Anyways, the prayer part of the subject is that I should have been praying about even things like this from the start instead of just starting now.. where now I pray in thankfulness to Jesus for the time I had working together with my son that day.  I wish that more than my hind sight was 20/20.  Thankful nonetheless though.



Monday, May 7, 2012

DL650 VStrom Motorcycle maintenance success

I tend to like to attempt to fix things myself and after 26k miles it was time to replace the front and rear sprockets, chain, spark plugs and air filter.  I ride year round down to about 15 degrees as long as it isn't icy or expecting much rain.  This is mainly to save gas and reduce miles on our primary vehicles - I don't enjoy riding around with distracted drivers everywhere.

I had previously replaced the spark plugs and air filter without major incident but the rest was new.  Not having a motorcycle lift but knowing that appropriate tools tend to make or break activities like this - I decided to install an electric hoist in the garage.  Floor space is getting sparse and using a hoist allows me to remove both wheels for things like tire replacement or simply to ease chain maintenance.  The hoist worked very well in general although there was a bit of sway to deal with.

Since I am trying to be somewhat green, I replaced the throw away air filter with a washable K&N version which is supposed to flow more air.  Not sure whether the touted air flow will make a difference but not having to throw away more stuff made it a worthwhile investment.

I replaced the spark plugs with Iridium versions which I hope last longer and may provide a small power boost.  The previous plugs actually still look to be in pretty good shape.

The sprocket replacements were very straight forward.  I switched the front sprocket from 15 teeth to 16 and the rear from 47 to 44 teeth.  This reduced the RPM down to around 4300 @ an indicated 65MPH from just about 5000 RPM.  It is more relaxed and I hope to improve the fuel economy a bit.

The chain replacement was the more tedious item.  I have never worked with a "continuous chain" before.  This is a DID X link chain where you must press & rivet the link on (versus simply installing a clip on the side of the master link).  A bolt cutter worked nicely to remove the old chain.  I ended up ordering the DID KM501E tool since other methods discussed in various blogs made me a bit nervous.  The results with the appropriate tools are quite nice.

On top of the normal maintenance, I decided to install the Kouba links which have been laying around the garage for about 4 years.  These links reduce height of the read end by about 1 1/8 inches.  I lowered the front end about .9 inches.  I can now touch nearly flat footed which is nice but almost odd feeling after so long.  I wish I did this a long time ago.

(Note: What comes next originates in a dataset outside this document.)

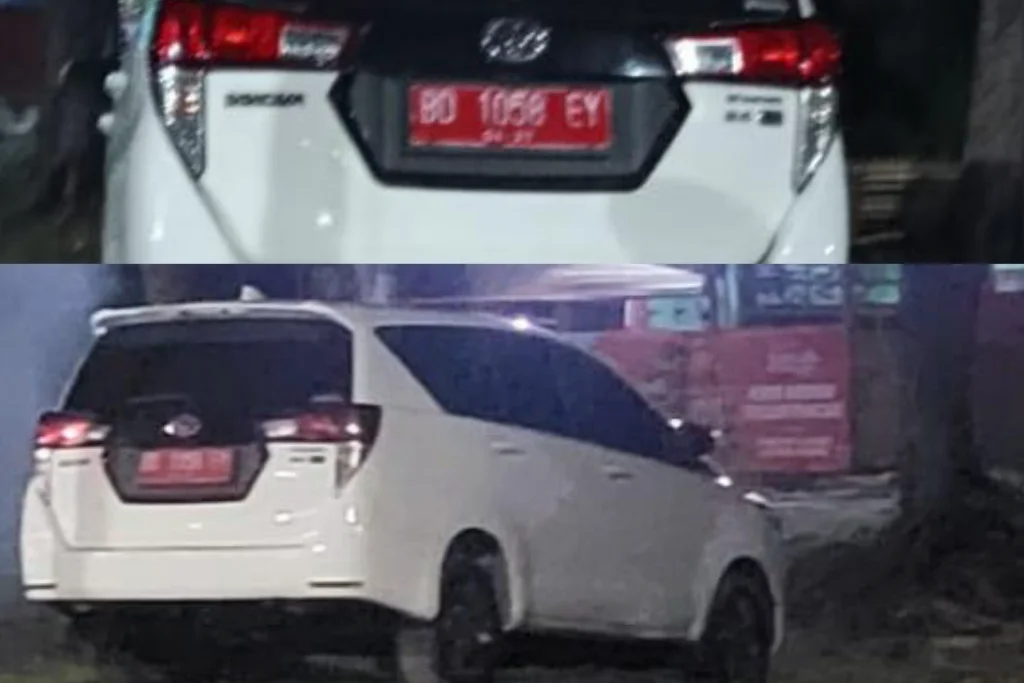 foto mobil dinas bernomor polisi BD 1058 EY yang viral di media sosial setelah terparkir di kawasan Pantai Panjang pada malam takbiran Idul Fitri 1447 Hijriah foto mobil dinas bernomor polisi BD 1058 EY yang viral di media sosial setelah terparkir di kawasan Pantai Panjang pada malam takbiran Idul Fitri 1447 Hijriah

So far, I have not noticed much difference in power after the gearing change.  It could be the better spark plugs and air filter made a small difference but I don't have any data to back that up.

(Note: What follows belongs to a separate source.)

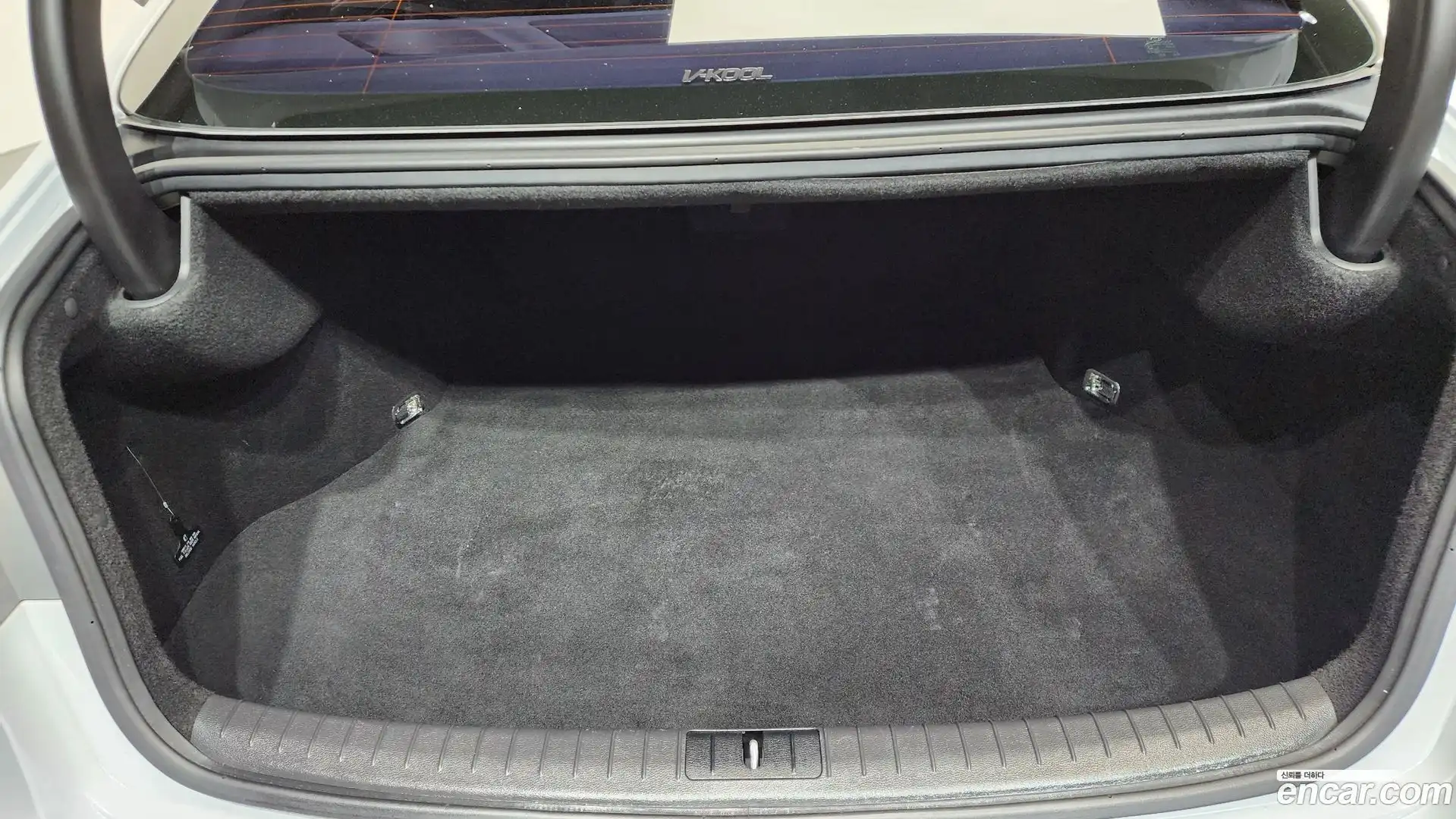 Genesis Hyundai 2016.0-OPTION-024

My only real complaint through all this is that the plastic "rivets" which attach parts of the fairing together are very annoying on a good day.

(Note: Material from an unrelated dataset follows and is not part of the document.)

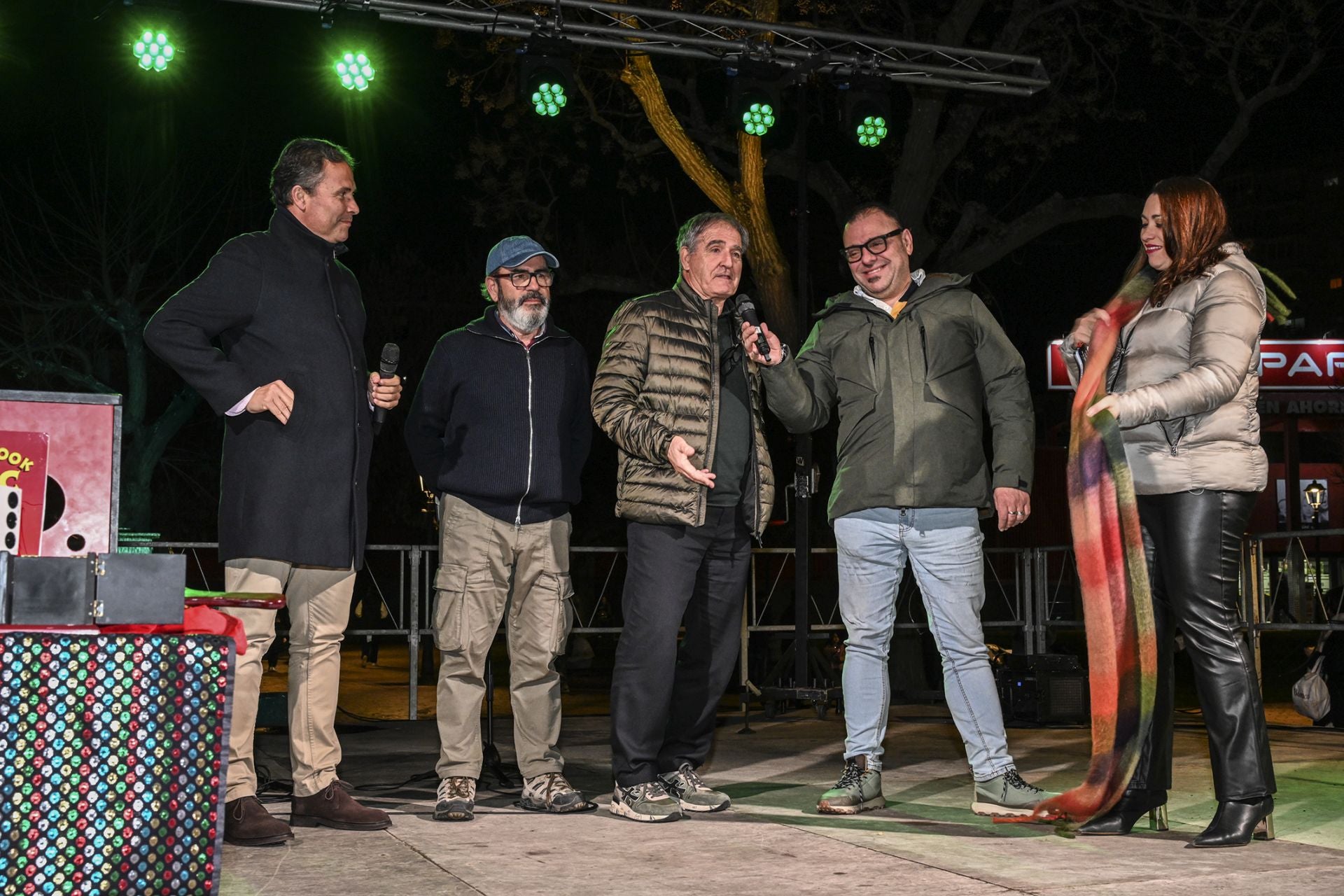 Las Candelas de la margen derecha en Badajoz, en imágenes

Next maintenance will involve new brake pads which I noticed, during all this, are getting a bit thin.

I do want to credit the various contributors over at http://www.stromtrooper.com for great information which gave me enough confidence to tackle these tasks (years later than original posts in some cases).

UPDATE 2012/08/23:
The above changes have resulted in an average 65+ MPG with a high of 67.7 MPG compared to an average around 58-60MPG.  That gives me a range of around 380+ miles on a tank of gas.

Have a slight (single) click when braking which I haven't tracked down yet - seems likely related to either the lowering with the Kouba links or maybe a bolt needs to be slightly tighter.